Thursday, May 1, 2008

They Say Time is the Fire in Which We Burn

Here is a general time line of events for my injury.

2008

May 1:
147 days post-op. Nothing new to report. Continue with stair climber and elliptical machine. I have been avoiding jogging due to the swelling I experience from running. I am now only going to physical therapy twice a week. My therapist believes by the next doctor’s appointment I will not need any more physical therapy. My tendon continues to nag me every now and again. Some days it feels fine and others it feels like I have tendonitis. I continue to lift weights, concentrating on my calves, hamstrings, and quads.

April 17:
133 days post-op. Nothing new to report. I continue to work on the stair climber. Along with squats and lunges, I have been slowly increasing the weight on my lunges. I am lunging with a 25 pound weight in each hand. I am now able to stand to do a unilateral calf raise (fancy speak for stand on my toes with the bad foot). I cannot not hold the calf raise for more than a second, but I can do it. Side note: My surgeon stated the tissue is healed by 8 weeks. However, since the muscles are weak/atrophied and inflexible there is a risk of re-rupture. The surgeon stated the tissue needs to mature, and that takes up to one year. After I am finished with physical therapy I will need to continue to work on the strength of my calf, quad, and hamstrings muscles to reduce future injuries. Physical therapy, to date, has been nothing but flex and strength training exercises. As my surgeons "six month guarantee" date approaches I am beginning to feel more confident on the surgically repaired tendon.

April 4:
120 days post-op. I began running on the treadmill. A major milestone. I have also been doing calf raises (both legs), squats and lunges. As physical therapy becomes more aggressive, I have noticed how out of shape I have become. Just doing several sets of lunges leaves me winded and a sweaty mess. I have also been instructed by my therapist to work on the stair climber. My left calf is still much smaller than my right, and also has a lack of definition that my right calf has. I was assured by my physical therapist once I begin aggressive weight training on my calf it will return to normal size. I also have to ice my tendon constantly. With the aggressive physical therapy my tendon swells fast.


March 19:
It has been 104 days since my surgery. The tendon still fells stiff in the morning. The stiffness slowly disappears throughout the day. I have also noticed if I get up and start walking after sitting down for a long period, the tendon is stiff and I have a slight limp for the first couple of steps. As far as my physical therapy goes, I am still working on flexibility and balance. I am almost able to bend my injured foot as well as my healthy foot. I have just started working on strengthening the calf.

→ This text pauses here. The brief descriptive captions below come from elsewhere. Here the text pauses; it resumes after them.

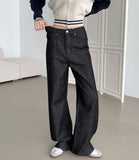 Raw autumn non-fade banding casual wide denim pants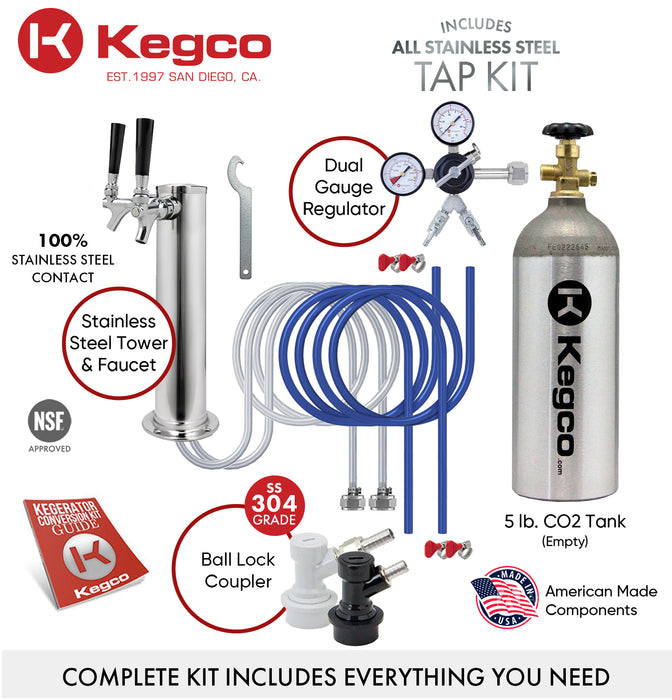 Kegco 24" Wide Homebrew Dual Tap Black Kegerator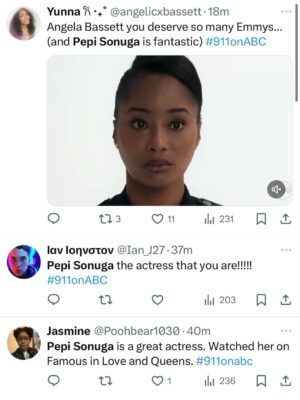 Pepi Sonuga Instagram - Years ago, I was honored with the chance to play Young Athena, and it’s been a continuous honor to be brought back. But nothing compares to this most recent episode where I got to act across and alongside one of my heroes, the legendary Mrs. Angela Bassett.

Thank you for your grace, your brilliance, your aura, and your power. You are everything and more, and I will forever cherish this experience im.angelabassett. 🤍

New (epic) episode of @911onabc airing now xx

#911onABC #YoungAthena
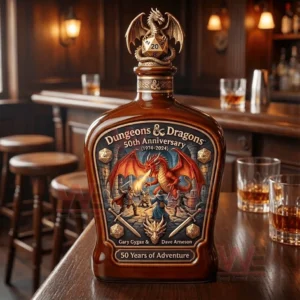 Fantasy anniversary bottle with dragon and adventurers artwork placed on a wooden bar in a warm tavern setting!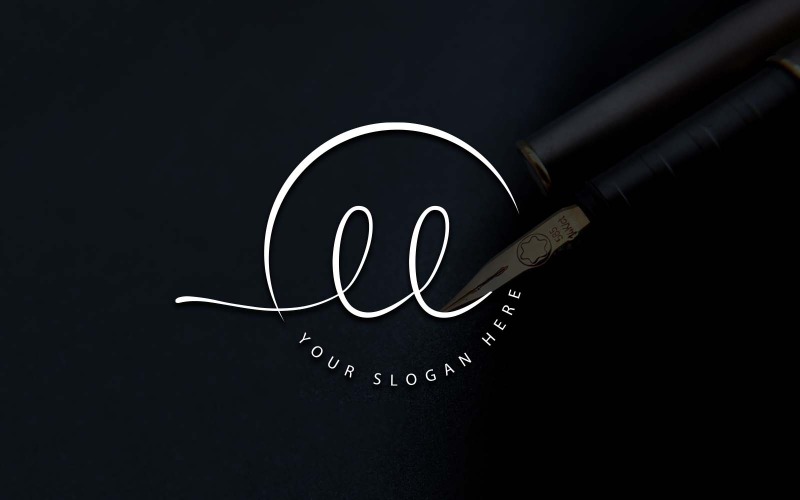Design de logotipo de letra LL estilo estúdio de caligrafia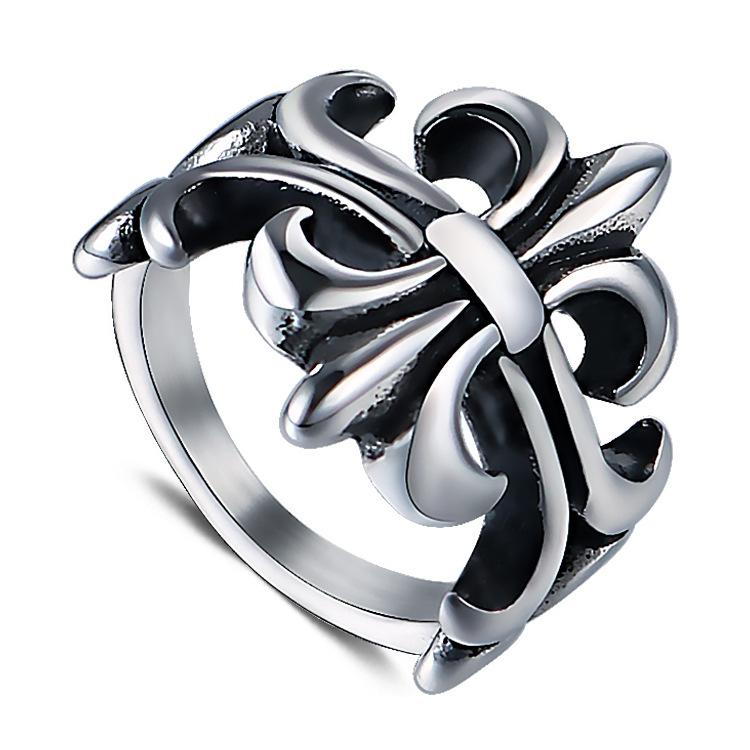 指輪 メンズ レディース チタン鋼 クロス 幾何学模様 パンク 個性的 リング アクセサリー(4.0)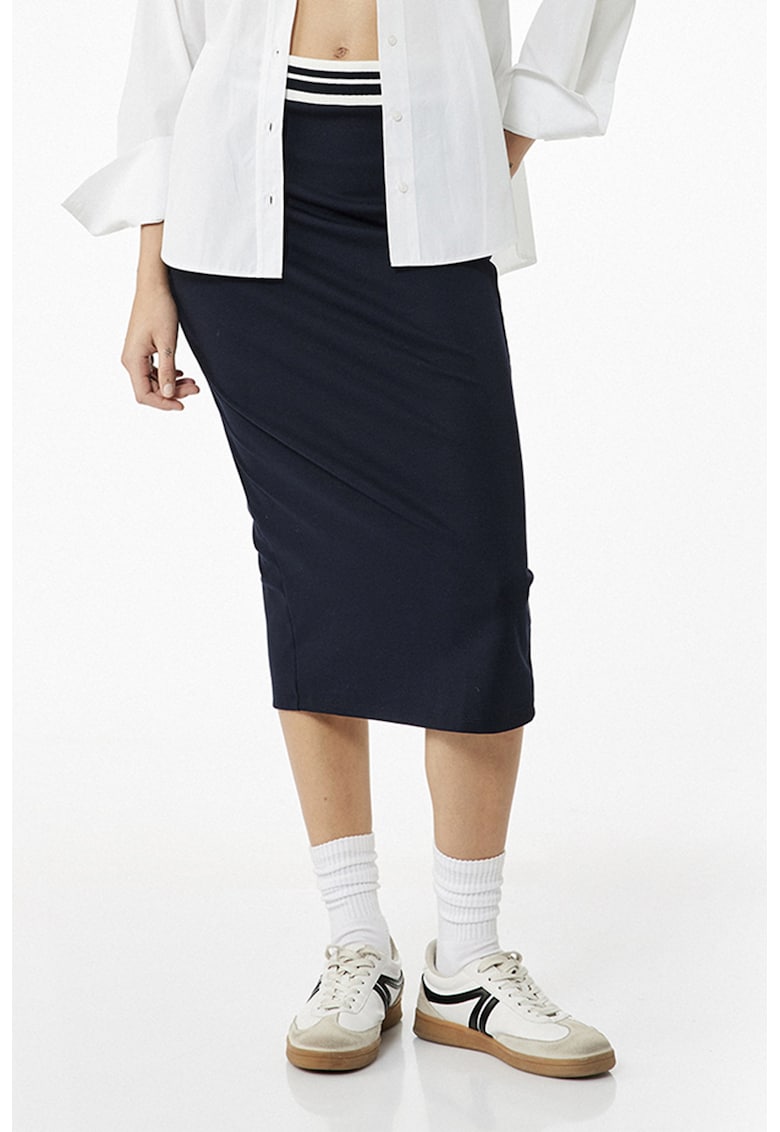Oferte la Fusta midi cu talie inalta - Bleumarin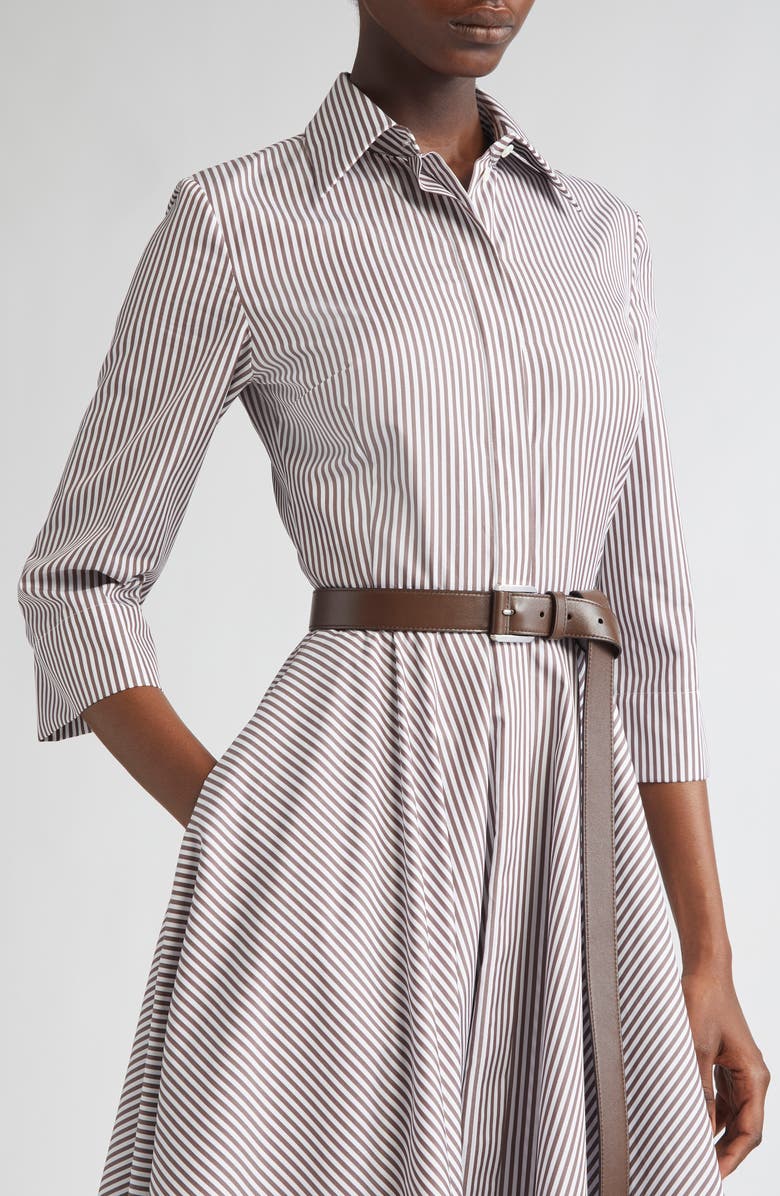 Michael Kors Collection Stripe Cotton Poplin Belted Shirtdress, Alternate, color, Mocha/ Optic White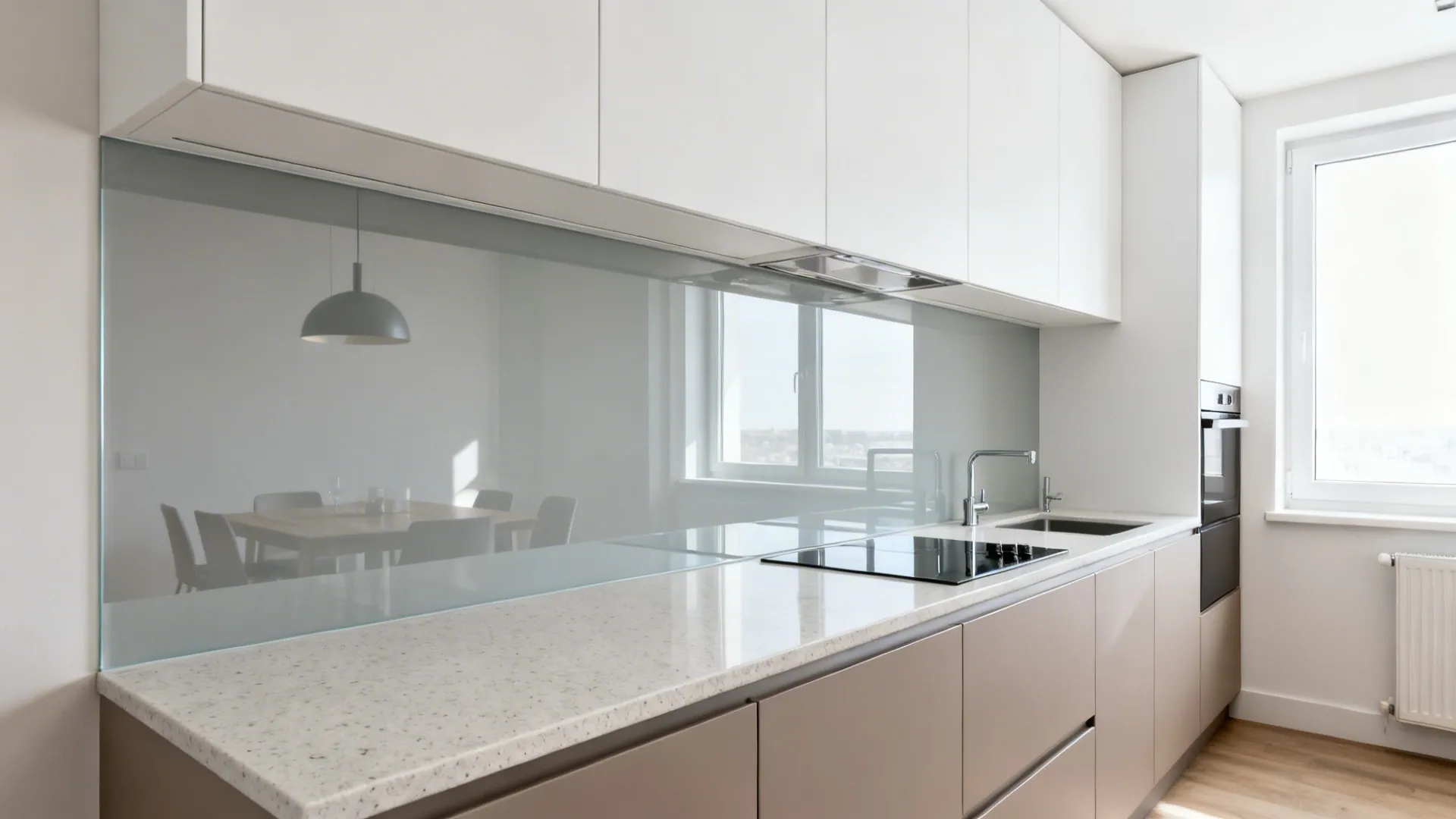 Glass backsplash for depth and light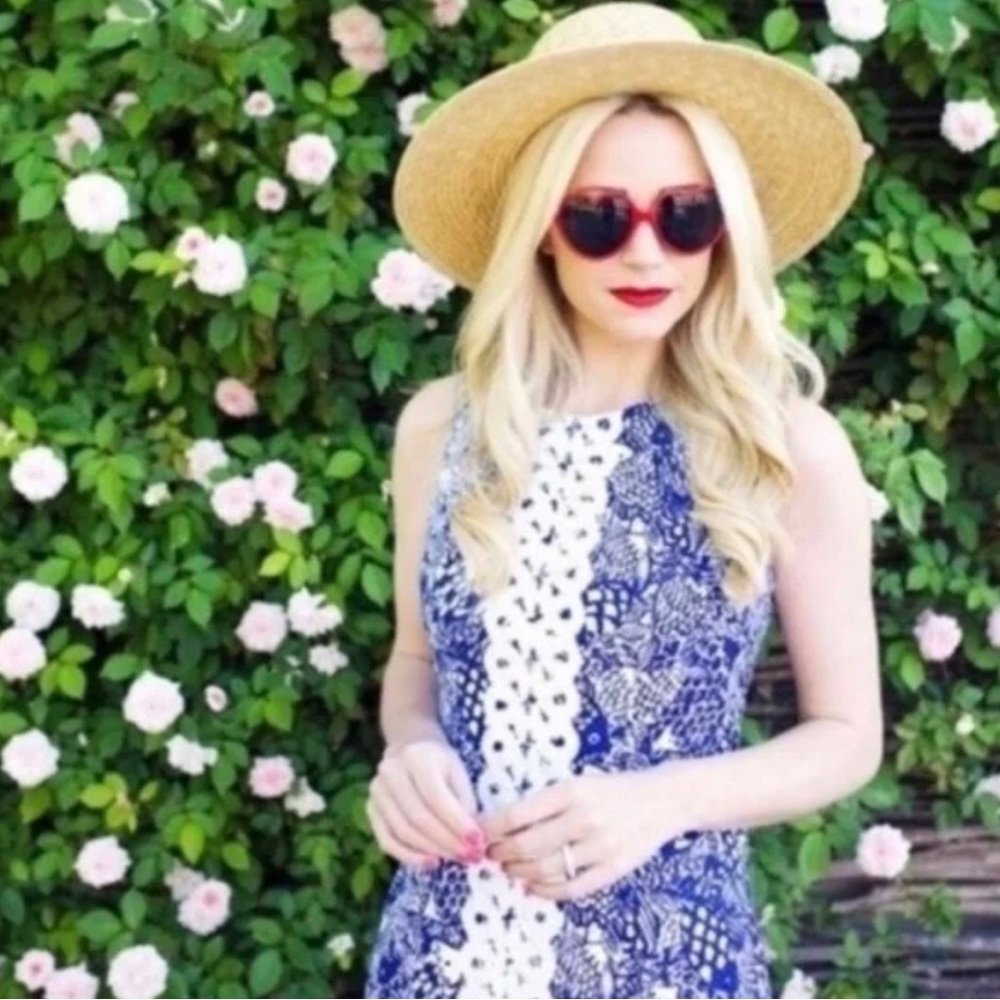 Lilly Pulitzer for Target Sleeveless Blue and White Dress Upstream Koi Pattern - Picture 4 of 14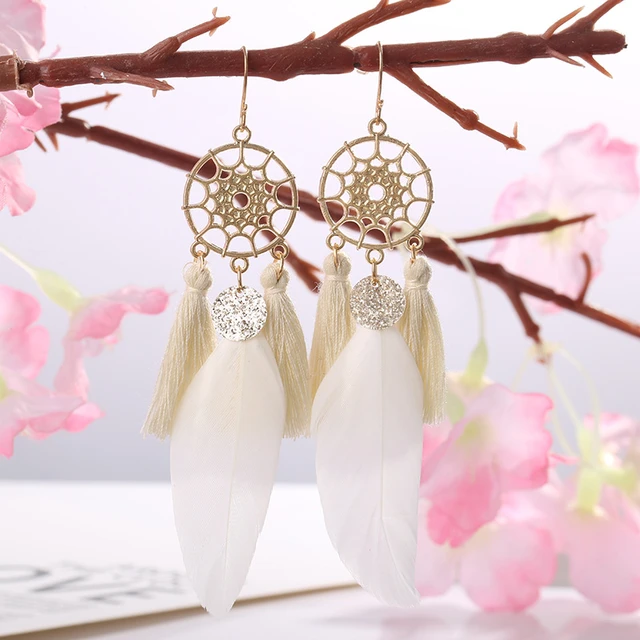 Bohemian 100% 925 Sterling Silver Dream Catcher Feather Trendy Drop Earrings  at Rs 2153.25/piece | Dolatpara | Junagadh | ID: 20512753230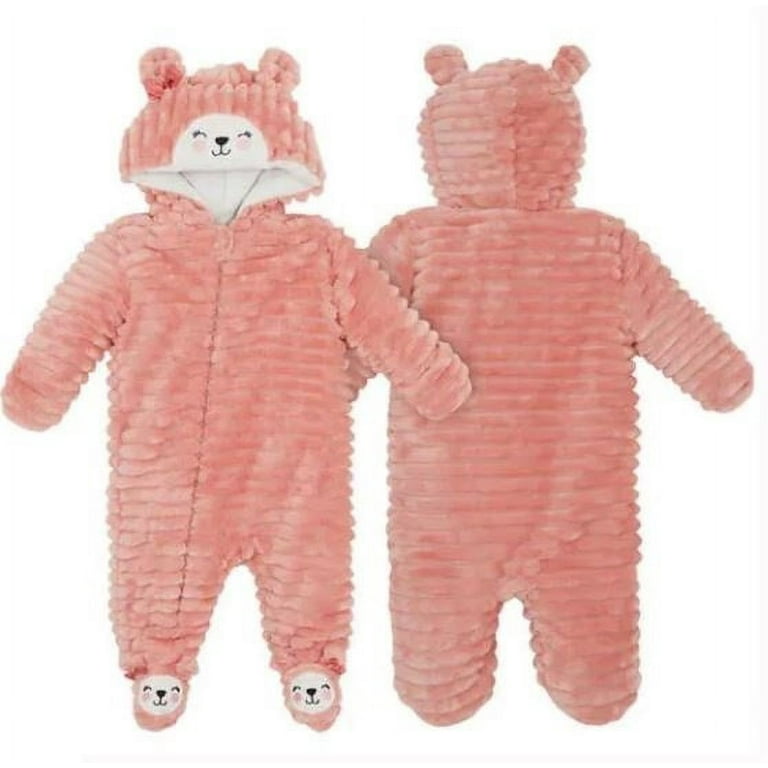 Koala Baby 1-Piece Plush Hooded Pram Suit Fleece Jumper, Pink 12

My physical therapist has given me therabands (colorful rubber bands) to strengthen my calf muscles. I sit down and wrap the rubber band around my foot and just start flexing my foot. I am still not allowed to run nor do any high impact activities. I have recently moved from the stationary bike to the elliptical machine. That’s some improvement. At least I can break a sweat now.

March 14:
Doctor’s appointment. 99 days post-op. Doctor again tested strength and flexibility of tendon. Doctor was pleased with progress and stated I can begin to start more aggressive physical therapy starting in April. Next doctor’s appointment in two months.

March 3:
It has been 87 days since my surgery. I am almost able to walk normally. I still have the slightest limp. I am sure no one would be able to notice except for me. I am starting to feel guilty parking in the handicap parking spaces when I am able to hop out of my car with ease. I see the older people giving me the evil eye. However, when I see how far away I have to park when it’s raining/snowing out and there is a full parking lot; I don't feel as bad. **SIDE NOTE: Make sure you get a handicap parking placard from your doctor. Those things are priceless.** Physical therapy still includes working on my Dorsiflexion (bending my ankle) It has improved greatly, but it is still not to the point of my normal tendon. I am still unable to jog/run. I have started controlled squats during my physical therapy visits. Balance is the big area my therapist is concentrating on right now. Standing for long periods of time on the surgically repaired foot is a big problem. The reason being since I have not used the foot for over three months the muscles and nerves have "forgotten" how to fire properly, hence the re-education/therapy.

February 14:
70 days post-op. First physical therapy appointment after playing almost two weeks worth of where's the fax with the insurance company and rehab clinic. After the first appointment, it is now that I realize how much work is ahead of me to get back to the level of where I was before the injury. The therapy included an ultrasound massage, electrodes hooked up to my leg, and manual manipulation of the foot. I was given a list of movements to work on during my rehab process. The physical therapist stated the first few visits would be him just moving the foot around to loosen up the tendon. Later therapy appointments will include re-educating my calf muscles while strengthening and conditioning them. Reports on rehabilitation progress will continue to be posted.

February 1:
Doctor's Appointment. 57 days post-op. Doctor tested strength and flexibility of tendon. Doctor gives the okay to slowly wean off the boot! Doctor prescribes six weeks of physical therapy. Next appointment in one month.

January 23:
Progress Report - 48 days post-op. I can now get around without crutches. Crutches are only used when out shopping or any other time that requires me to walk long distances.

January 11:
Doctors Appointment. 36 days post-op. Given the okay to start putting limited weight on my foot (with the boot on). Doctor believes no more crutches should be needed by February, 1. Doctor stated physical therapy will be started after February, 1 date.

2007

December 24:
Doctors Appointment. 18 days post-op. Cast removed; replaced with the Boot - no weight bearing -

December 6:
Surgery (Doctor stated the operation was 45 minutes) - no weight bearing -

November 30:
Met with primary care physician and orthopedic surgeon. Surgery date scheduled.

November 29:
Ruptured left Achilles tendon.

I will be periodically updating this post.

Wednesday, March 19, 2008

You must have heard of me! Come on! Rudabaugh!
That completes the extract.